Exercise
Print the line containing "Chaqueta de Motociclista" and every later line of the records. Keep each one exactly as given, ending with the last.
Records: Begin
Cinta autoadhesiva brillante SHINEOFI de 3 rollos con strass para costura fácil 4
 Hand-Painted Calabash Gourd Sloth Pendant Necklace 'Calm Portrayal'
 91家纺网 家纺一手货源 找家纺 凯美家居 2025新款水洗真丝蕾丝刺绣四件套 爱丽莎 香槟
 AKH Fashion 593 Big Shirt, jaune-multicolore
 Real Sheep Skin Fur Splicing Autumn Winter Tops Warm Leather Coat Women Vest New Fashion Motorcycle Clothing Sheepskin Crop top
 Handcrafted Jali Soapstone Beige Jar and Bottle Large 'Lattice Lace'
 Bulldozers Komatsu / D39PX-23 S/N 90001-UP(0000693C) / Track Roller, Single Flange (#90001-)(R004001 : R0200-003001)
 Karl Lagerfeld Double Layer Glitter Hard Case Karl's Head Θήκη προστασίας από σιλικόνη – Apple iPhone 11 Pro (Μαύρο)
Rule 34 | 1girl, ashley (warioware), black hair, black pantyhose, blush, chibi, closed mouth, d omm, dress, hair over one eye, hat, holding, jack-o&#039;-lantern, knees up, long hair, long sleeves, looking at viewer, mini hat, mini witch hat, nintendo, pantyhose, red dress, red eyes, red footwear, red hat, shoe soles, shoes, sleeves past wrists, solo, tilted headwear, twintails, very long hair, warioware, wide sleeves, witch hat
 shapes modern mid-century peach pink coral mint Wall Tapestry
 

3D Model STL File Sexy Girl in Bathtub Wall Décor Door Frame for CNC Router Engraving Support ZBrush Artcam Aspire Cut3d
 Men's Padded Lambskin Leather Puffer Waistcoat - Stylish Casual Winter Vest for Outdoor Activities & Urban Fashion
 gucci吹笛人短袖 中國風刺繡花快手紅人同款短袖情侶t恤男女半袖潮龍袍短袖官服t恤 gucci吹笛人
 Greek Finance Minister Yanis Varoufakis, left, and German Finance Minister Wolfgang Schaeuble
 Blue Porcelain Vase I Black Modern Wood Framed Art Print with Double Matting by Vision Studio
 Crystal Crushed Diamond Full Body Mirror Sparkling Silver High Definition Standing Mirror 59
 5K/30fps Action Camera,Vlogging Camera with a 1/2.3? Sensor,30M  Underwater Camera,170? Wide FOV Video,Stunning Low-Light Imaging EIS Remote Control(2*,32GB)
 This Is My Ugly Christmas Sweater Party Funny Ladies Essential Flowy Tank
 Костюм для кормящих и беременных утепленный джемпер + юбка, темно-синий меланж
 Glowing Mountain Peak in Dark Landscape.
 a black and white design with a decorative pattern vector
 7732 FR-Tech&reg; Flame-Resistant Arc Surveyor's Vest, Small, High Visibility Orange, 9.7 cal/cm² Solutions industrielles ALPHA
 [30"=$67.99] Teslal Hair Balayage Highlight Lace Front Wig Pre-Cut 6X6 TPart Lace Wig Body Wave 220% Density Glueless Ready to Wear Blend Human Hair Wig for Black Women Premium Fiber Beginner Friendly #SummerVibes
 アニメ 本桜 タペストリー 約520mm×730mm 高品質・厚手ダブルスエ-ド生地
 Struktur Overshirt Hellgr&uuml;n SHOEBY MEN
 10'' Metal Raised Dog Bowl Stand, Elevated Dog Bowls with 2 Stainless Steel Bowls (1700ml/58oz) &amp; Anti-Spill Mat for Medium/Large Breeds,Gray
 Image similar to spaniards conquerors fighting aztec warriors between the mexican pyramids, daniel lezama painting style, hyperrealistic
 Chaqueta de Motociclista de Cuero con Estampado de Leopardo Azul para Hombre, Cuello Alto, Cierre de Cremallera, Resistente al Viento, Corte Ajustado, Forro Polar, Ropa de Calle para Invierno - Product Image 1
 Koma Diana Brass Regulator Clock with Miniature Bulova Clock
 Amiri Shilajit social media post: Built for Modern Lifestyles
Records: End
Exercise result
 Chaqueta de Motociclista de Cuero con Estampado de Leopardo Azul para Hombre, Cuello Alto, Cierre de Cremallera, Resistente al Viento, Corte Ajustado, Forro Polar, Ropa de Calle para Invierno - Product Image 1
 Koma Diana Brass Regulator Clock with Miniature Bulova Clock
 Amiri Shilajit social media post: Built for Modern Lifestyles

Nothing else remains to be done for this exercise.